Your goal: Pictures stay out. Everything else in the entries is copied exactly.

* * *

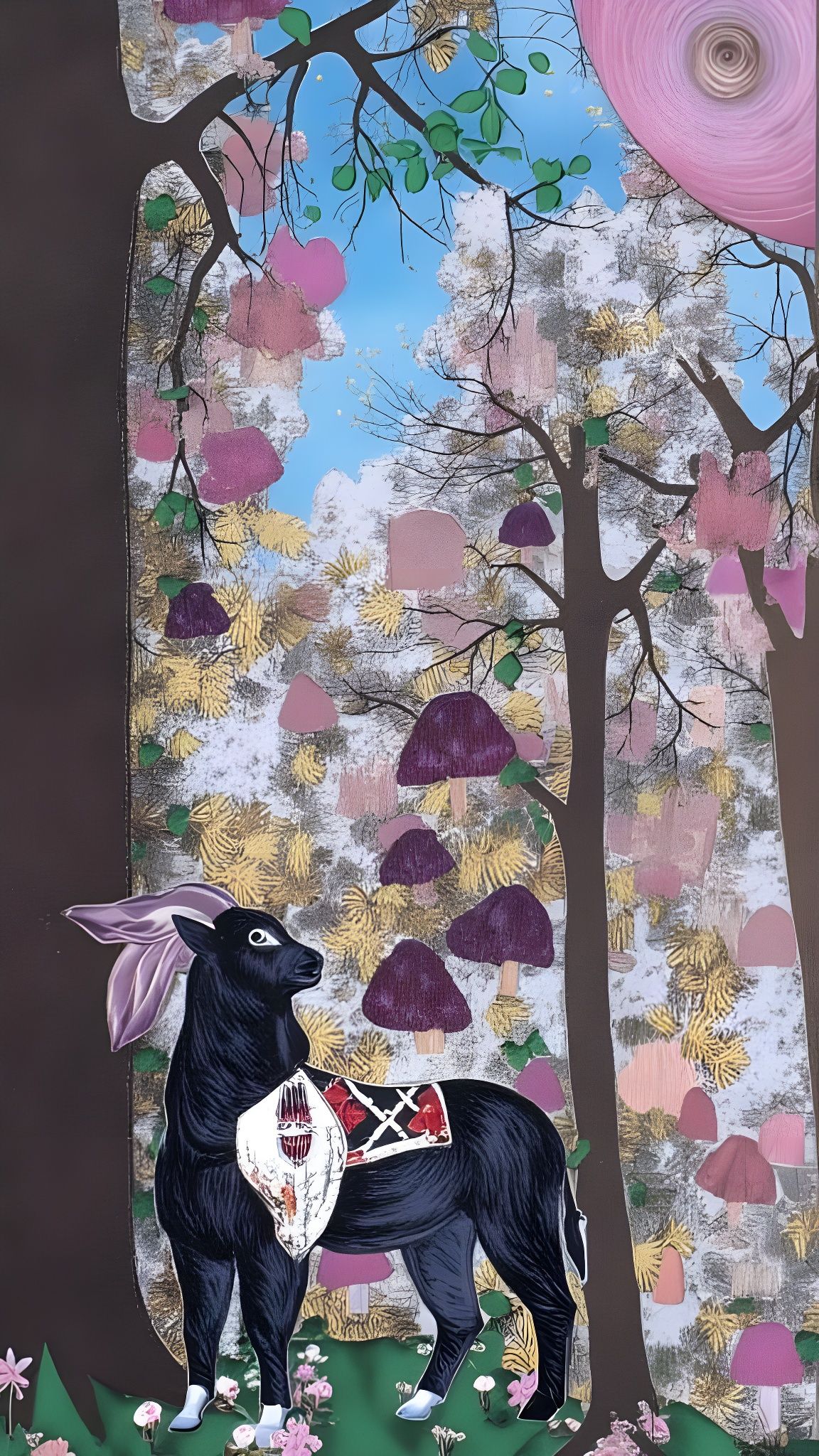 Goat and Knight in Magical Forest Paper Collage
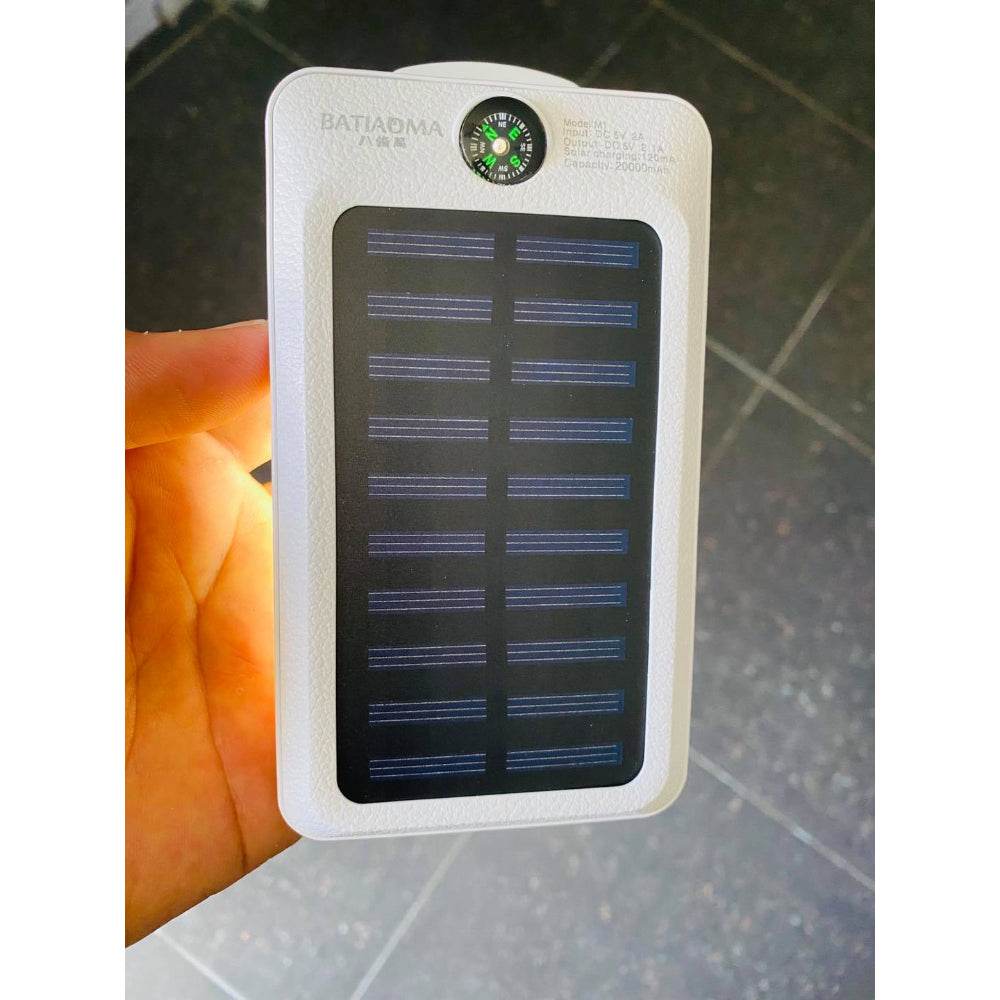 Batiaoma 20000mAh Solar Power Bank Portable Fast Charging with LED Light Flashlight - Al-Raheem Imports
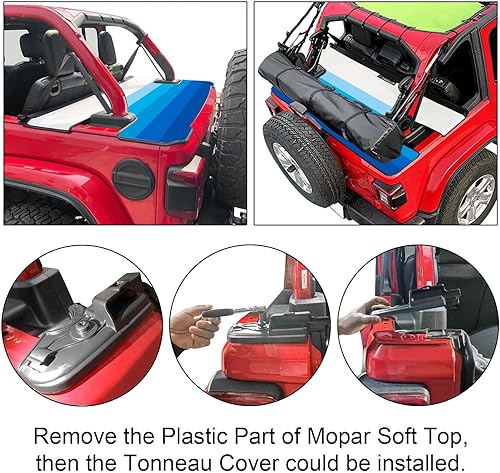 Miniatura 3 de Shadeidea Wrangler JL - Cubierta Tonneau para Jeep JLU de 4 puertas (2018-actual), cubierta de carga de vinilo para maletero trasero, Robicon Sahara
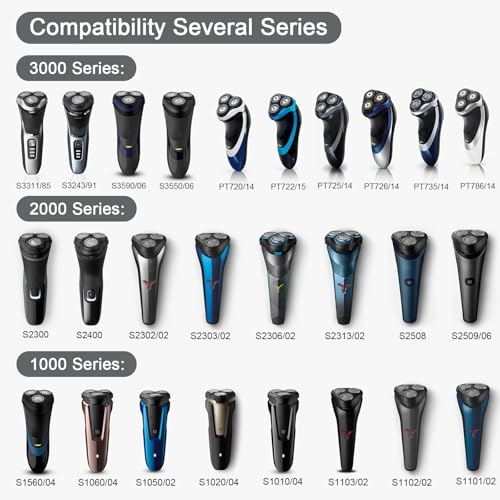 SH30 Replacement Heads for Philips Norelco Series 3000, 2000, 1000 Shavers and S738 Click and Style, Blades for Philips S1560 Shaver, SH30 Blades
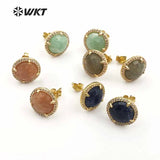 Crystal Stone Circle Stud Earrings CZ Pave Dainty Wedding Jewelry
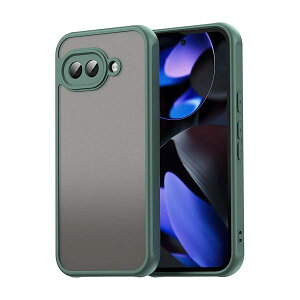 For Google Pixel 9a ケース Google Pixel 9a カバー マット感 半透明 TPU+PC レンズ保護 薄型 指紋防止 落下防止 安心保護 軽量 全面保護カバー (グリーン)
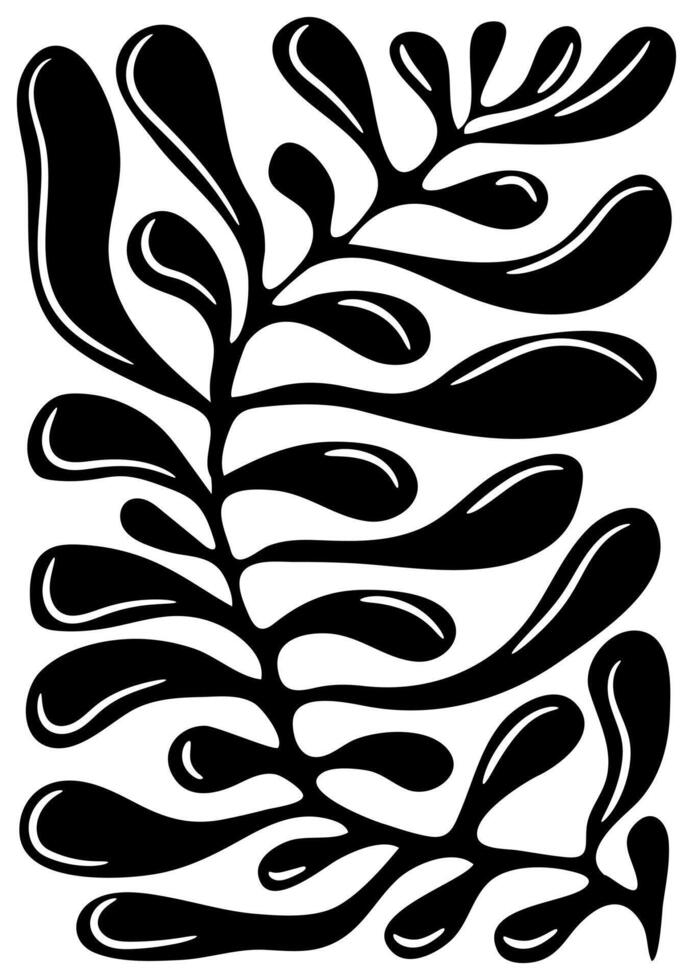 Abstract botany print in naive art style.Trendy retro poster with leaves. Seventies, groovy background vector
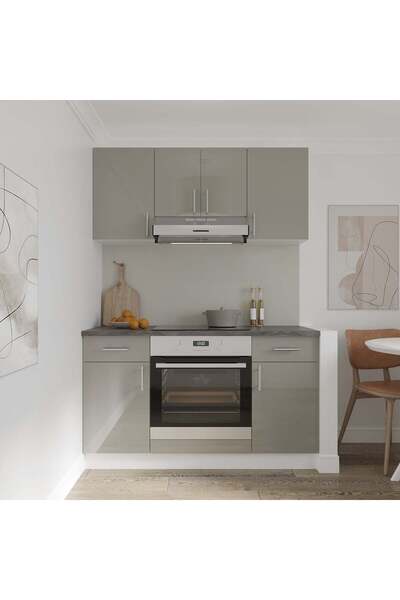 haaus.ro Upper cabinet haaus Karo, One Door, with glass, Glossy Grey/White, MDF, 40 x 30 x 60 cm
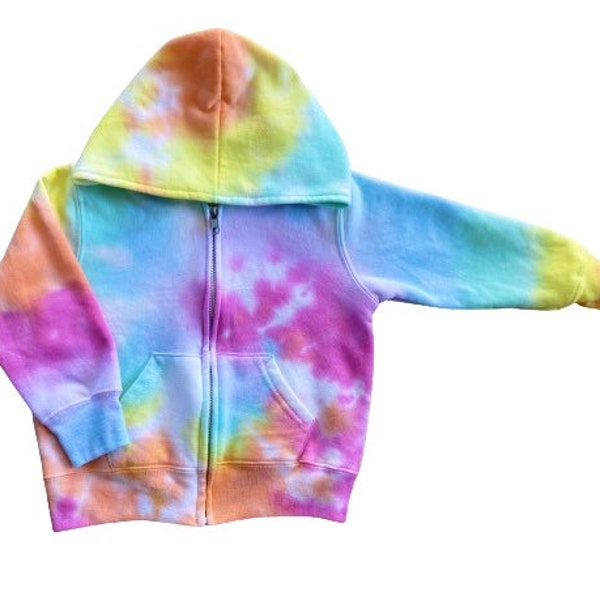 Hoodie Zip PINK Tie-dye Bleu Et Rose - Taille XS Femme - Occasion Très Bon état (EUC)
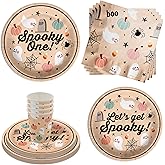 Spooky One 1st Birthday Party Supplies - 64 Piece Halloween First Birthday Tableware Set Includes Large 9" Dinner Plates and 8" Dessert Paper Plates Napkins Cups - Kit for 16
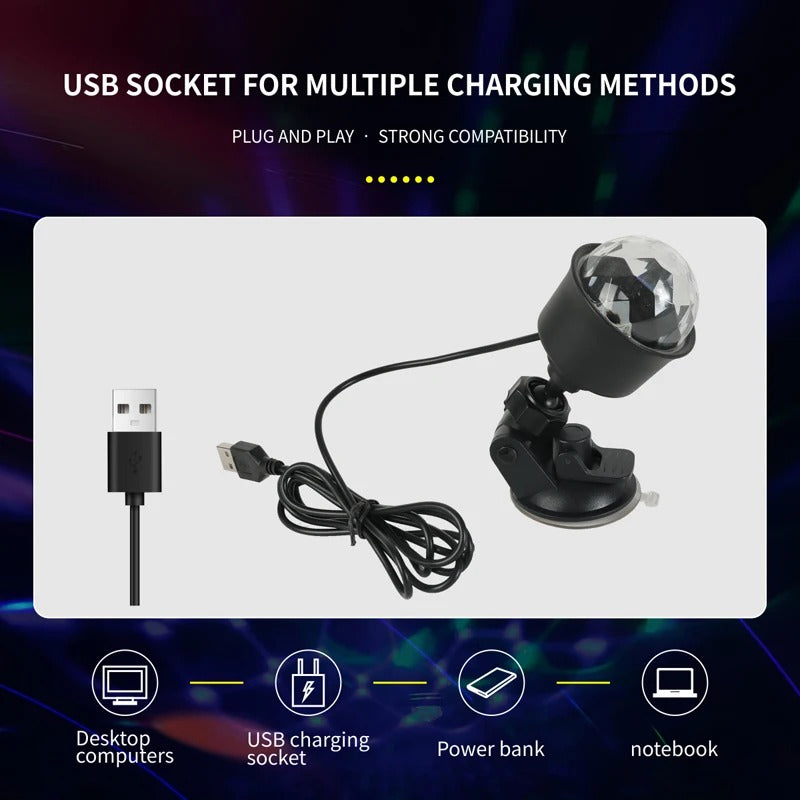 RGB Disco Ball Party Light with Remote – Sound Activated, 7 Modes- zinggal-Qatar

* * *

Task answer:
 Goat and Knight in Magical Forest Paper Collage
 Batiaoma 20000mAh Solar Power Bank Portable Fast Charging with LED Light Flashlight - Al-Raheem Imports
 Miniatura 3 de Shadeidea Wrangler JL - Cubierta Tonneau para Jeep JLU de 4 puertas (2018-actual), cubierta de carga de vinilo para maletero trasero, Robicon Sahara
 SH30 Replacement Heads for Philips Norelco Series 3000, 2000, 1000 Shavers and S738 Click and Style, Blades for Philips S1560 Shaver, SH30 Blades
 Crystal Stone Circle Stud Earrings CZ Pave Dainty Wedding Jewelry
 For Google Pixel 9a ケース Google Pixel 9a カバー マット感 半透明 TPU+PC レンズ保護 薄型 指紋防止 落下防止 安心保護 軽量 全面保護カバー (グリーン)
 Abstract botany print in naive art style.Trendy retro poster with leaves. Seventies, groovy background vector
 haaus.ro Upper cabinet haaus Karo, One Door, with glass, Glossy Grey/White, MDF, 40 x 30 x 60 cm
 Hoodie Zip PINK Tie-dye Bleu Et Rose - Taille XS Femme - Occasion Très Bon état (EUC)
 Spooky One 1st Birthday Party Supplies - 64 Piece Halloween First Birthday Tableware Set Includes Large 9" Dinner Plates and 8" Dessert Paper Plates Napkins Cups - Kit for 16
 RGB Disco Ball Party Light with Remote – Sound Activated, 7 Modes- zinggal-Qatar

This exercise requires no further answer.